As we continue the exploration of design issues for forensic facilities, we will address room pressurization and air flow direction, improving facility operation and maintenance, and saving energy and resources. It is important to understand how and why architecture and HVAC system design must work together to develop a successful project.
As we continue the exploration of design issues for forensic facilities, we will address room pressurization and air flow direction, improving facility operation and maintenance, and saving energy and resources. It is important to understand how and why architecture and HVAC system design must work together to develop a successful project. In this article, Ken Mohr and Lou Hartman explore ideas and solutions for your engineering and architectural questions.
Maintaining a good indoor environment: The direction of airflow can be more important than the rate of airflow.
Let’s understand the basics. The total airflow rate for a laboratory is determined by how much air leaves (exhausted) vs. how much air comes into the lab (supplied). Airflow rate is usually measured by cubic feet per minute (cfm). If the total cfm is greater coming into a room, then the room is positively pressurized, or more air is being supplied than exhausted. If you opened the door to this room you would feel the air leave the room. If the opposite existed—more air is exhausted than supplied—then the room would be negatively pressurized. Again, if you opened the door to this room you would feel the air come into the room. Exhausted air could be through a fume hood device or an exhaust grill in the ceiling. Supplied air could be through a supply grill in the ceiling or through the door into the room. The amount of cfm needed for a room is determined by the number of exhaust devices (fume hoods, snorkels...), the amount of cooling (supplied air) required to help offset internal heat gains from people and equipment, or industry space standards of minimum ventilation rate requirements due to the activities in the room.

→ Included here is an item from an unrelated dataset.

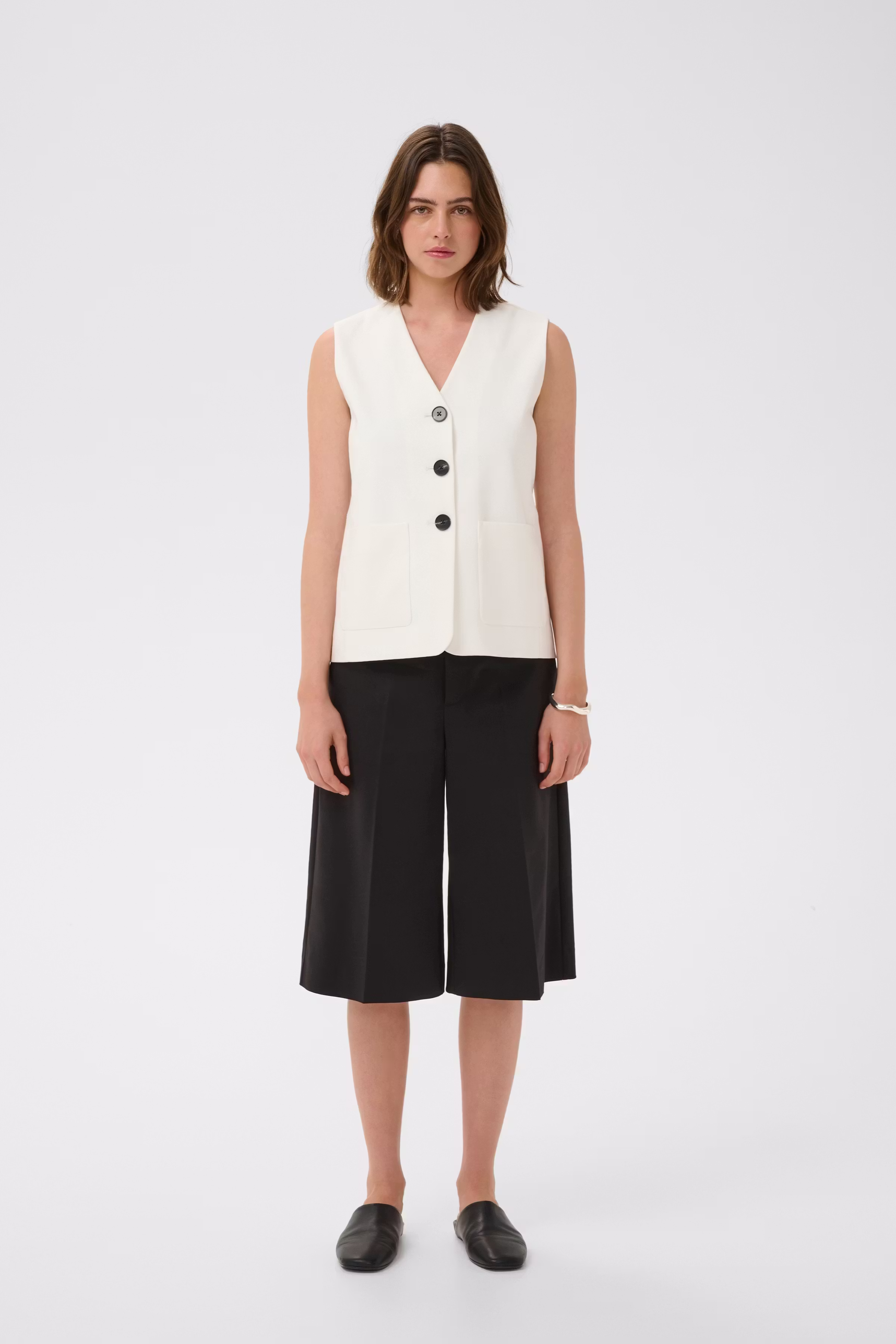 ZELLAIW Vest LOOKBOOK FRONT 30112629-110701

Any laboratory that uses chemicals or compressed gases requires a non-recirculating air supply system. The system is also known as a 100% outside air supplied system. This means all of the air that comes into the room is used and then exhausted; all of it. The opposite of this system would be a recirculating air supplied system—not all of the room air supplied would be exhausted, but reused in the same room or maybe by an adjacent room. Each room would be evaluated separately to understand the hazards present. As you can imagine, providing a recirculating air supply system would be less expensive to install and to operate. A space commonly overlooked for a recirculating system in a forensic lab is the Computer Forensics Unit.

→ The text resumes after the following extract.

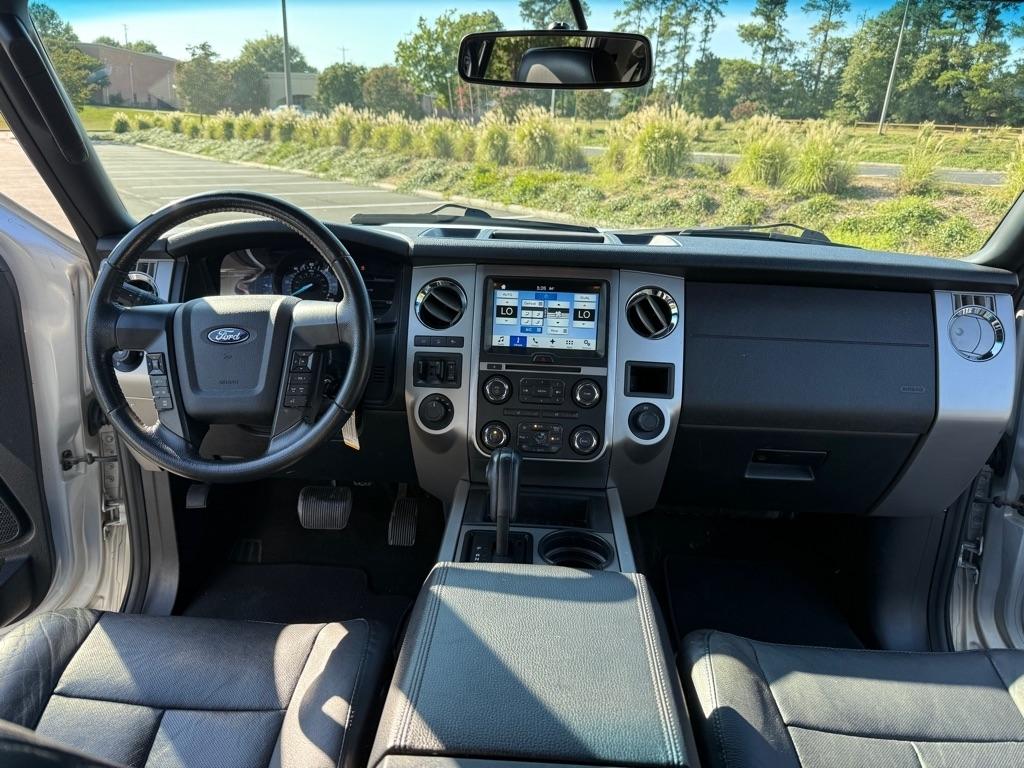 Ford Expedition XLT 4WD 2016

Industry space standards tell us that minimum airflow rates are generally in the range of six to ten air changes per hour when the space is occupied. However, some spaces may have minimum airflow rates established by specific activities in the room or by internal facility management policies. A guideline often followed is one established by the National Institutes of Health recommending a minimum ventilation rate of six air changes per hour for an occupied laboratory. For laboratories where the amount of ventilation is determined by either equipment cooling requirements or exhaust device rates, it is common to recognize that all exhaust devices or equipment are seldom used at the same time. This creates a “usage factor” which is helpful in determining the entire size of the building’s HVAC system. Applying a “usage factor” in the design process of a forensic facility must be carefully analyzed to avoid under-sizing the ventilation system in the hopes of saving a few dollars.
The exhaust system must be controlled and coordinated with the supply air system to maintain the proper pressurization in each room as it relates to the surrounding rooms. The laboratory HVAC systems can either be constant volume or variable volume. A constant volume system is just that; the air is always moving at the same speed while a variable volume system has air moving at different speeds. This is best explained by the night set back. During normal facility hours of operation, the HVAC system is in one mode and at night the system is throttled back, still safe, but the demand is clearly reduced. Fume hoods may have their own exhaust fan, or may be manifolded and connected together to one or more common central exhaust fans. In general, a variable volume HVAC system with manifold exhaust is more flexible (ability to add exhaust devices), requires less ductwork, involves fewer pieces of control equipment, reduces the number of roof penetrations, and creates an opportunity for energy recoveryand savings.
Care needs to be taken when choosing the right external building exhaust and air intake locations to avoid drawing exhaust effluent into the fresh air supply and contaminating the building. The height of the exhaust stack must extend ten feet past the highest point on the roof, and the discharge velocity must fall between 3,500 cfm to 4,500 cfm to properly dissipate the exhaust plume.